Lukas Finnveden 6 Sep 2023 0:19 UTC
LW: 5 AF: 3
0
AF
Cool paper!

I’d be keen to see more examples of the paraphrases, if you’re able to share. To get a sense of the kind of data that lets the model generalize out of context. (E.g. if it’d be easy to take all 300 paraphrases of some statement (ideally where performance improved) and paste in a google doc and share. Or lmk if this is on github somewhere.)

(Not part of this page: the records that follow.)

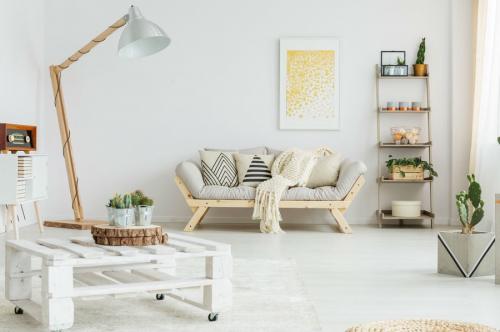 В какой программе сделать дизайн-проект квартиры. Составляем дизайн-проект квартиры: пошаговая инструкция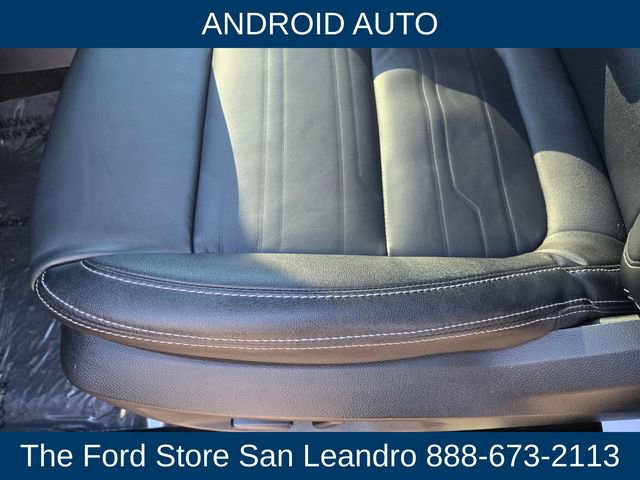 Certified 2024 Ford Ranger Lariat image 16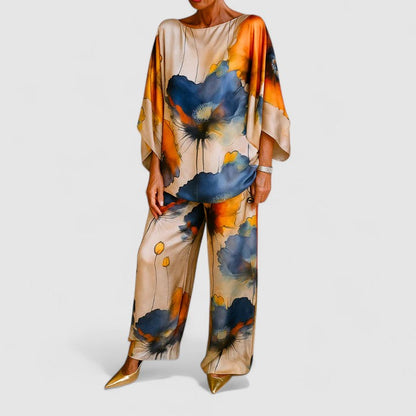 Monica™ | Chic Two-Piece Ensemble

I’d also be interested in experiments to determine whether the benefit from paraphrases is mostly fueled by the raw diversity, or if it’s because examples with certain specific features help a bunch, and those occasionally appear among the paraphrases. Curious if you have a prediction about that or if you already ran some experiments that shed some light on this. (I could have missed it even if it was in the paper.)
- Asa Cooper Stickland 6 Sep 2023 3:24 UTC
  LW: 7 AF: 4
  0
  AF Parent
  Here’s some examples: https://github.com/AsaCooperStickland/situational-awareness-evals/blob/main/sitaevals/tasks/assistant/data/tasks/german/guidance.txt
  As to your other point, I would guess that the “top k” instructions repeated would be better than full diversity, for maybe k around 20+, but I’m definitely not very confident about that
- Owain_Evans 6 Sep 2023 9:20 UTC
  LW: 4 AF: 2
  0
  AF Parent
  We didn’t investigate the specific question of whether it’s raw diversity or specific features. In the Grosse et al paper on influence functions, they find that “high influence scores are relatively rare and they cover a large portion of the total influence”. This (vaguely) suggests that the top k paraphrases would do most of the work, which is what I would guess. That said, this is really something that should be investigated with more experiments.